Sec. of State John Kerry was in Kuala Lumpar, Malaysia, for the Association of Southeast Asian Nations (ASEAN) Foreign Ministers Meeting this week, warning China to pull back on it’s military build-up of the Spratly Islands in the South China Sea.
The conference was attended by all 10 top diplomats of the regional bloc, as well as officials from dozens of other countries, including China.
In May, aerial photos showed mobile artillery, aircraft runways, and harbors being built on top of submerged reefs there. A U.S. P8-A Poseidon Navy aircraft was warned eight times by Chinese naval command to stay away from the area.
Since then, military officials in the Philippines have indicated that China has ordered them to keep their military planes from flying over islands where the construction is taking place.
“Freedom of navigation and overflight are among the essential pillars of international maritime law,” Kerry said. “Let me be clear: The United States will not accept restrictions on freedom of navigation and overflight, or other lawful uses of the sea.”
China and the Philippines, along with Vietnam, Malaysia, Taiwan, and Brunei, all have competing claims in the neutral territory of the South China Sea, which navigates $5 trillion in yearly shipping trade.

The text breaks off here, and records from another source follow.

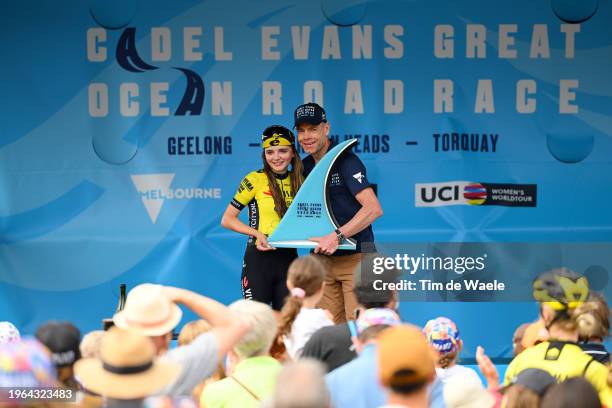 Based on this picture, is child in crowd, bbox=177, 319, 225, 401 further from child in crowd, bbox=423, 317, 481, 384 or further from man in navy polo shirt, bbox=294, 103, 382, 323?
man in navy polo shirt, bbox=294, 103, 382, 323

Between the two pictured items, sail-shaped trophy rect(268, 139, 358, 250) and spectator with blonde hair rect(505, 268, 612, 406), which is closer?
spectator with blonde hair rect(505, 268, 612, 406)

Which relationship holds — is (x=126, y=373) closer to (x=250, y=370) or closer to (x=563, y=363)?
(x=250, y=370)

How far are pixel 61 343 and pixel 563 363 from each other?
1748 millimetres

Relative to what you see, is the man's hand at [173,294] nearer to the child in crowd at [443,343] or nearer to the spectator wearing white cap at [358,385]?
the spectator wearing white cap at [358,385]

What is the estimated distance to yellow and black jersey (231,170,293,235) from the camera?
5832mm

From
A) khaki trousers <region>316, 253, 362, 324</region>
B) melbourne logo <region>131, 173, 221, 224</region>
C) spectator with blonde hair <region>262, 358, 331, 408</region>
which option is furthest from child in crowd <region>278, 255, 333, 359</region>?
melbourne logo <region>131, 173, 221, 224</region>

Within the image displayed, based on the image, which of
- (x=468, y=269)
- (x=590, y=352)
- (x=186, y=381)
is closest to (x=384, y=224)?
(x=468, y=269)

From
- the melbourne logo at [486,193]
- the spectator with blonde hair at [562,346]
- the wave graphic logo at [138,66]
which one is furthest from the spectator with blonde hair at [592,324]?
the wave graphic logo at [138,66]

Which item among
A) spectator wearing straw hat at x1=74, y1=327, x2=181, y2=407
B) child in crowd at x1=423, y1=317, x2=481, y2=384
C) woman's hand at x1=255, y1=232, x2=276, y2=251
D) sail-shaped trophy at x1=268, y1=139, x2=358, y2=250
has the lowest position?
child in crowd at x1=423, y1=317, x2=481, y2=384

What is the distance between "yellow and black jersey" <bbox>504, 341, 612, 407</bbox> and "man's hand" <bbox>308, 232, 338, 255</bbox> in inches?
73.8

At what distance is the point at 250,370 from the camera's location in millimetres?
3496

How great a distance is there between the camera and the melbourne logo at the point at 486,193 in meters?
6.76

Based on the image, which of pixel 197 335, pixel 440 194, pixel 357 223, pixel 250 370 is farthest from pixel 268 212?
pixel 250 370

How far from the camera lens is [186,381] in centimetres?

Chinese foreign minister Wang Yi released a statement Thursday defending his country’s naval operations.
“First off, the situation in the South China Sea is generally stable, and there is no possibility of a major clash,” the statement read. “China opposes any non-constructive words and acts which widen division, exaggerate antagonism or create tensions.”
Wang Yi also claimed that Chinese island-building has “already stopped”.
Apparently ASEAN summit leaders didn’t buy-into minister Wang’s deescalating rhetoric, as they issued the following joint statement to conclude the ASEAN meeting:
“We discussed extensively the matters relating to the South China Sea and remained seriously concerned over recent and ongoing developments in the area . . . land reclamations . . . have eroded the trust and confidence, increased tensions and may undermine peace, security and stability in the (region).”
Sec. Kerry didn’t seem to buy what China’s minister was selling either, telling reporters Thursday, “The Chinese have indicated that they have stopped. I hope it is true. I don’t know yet.”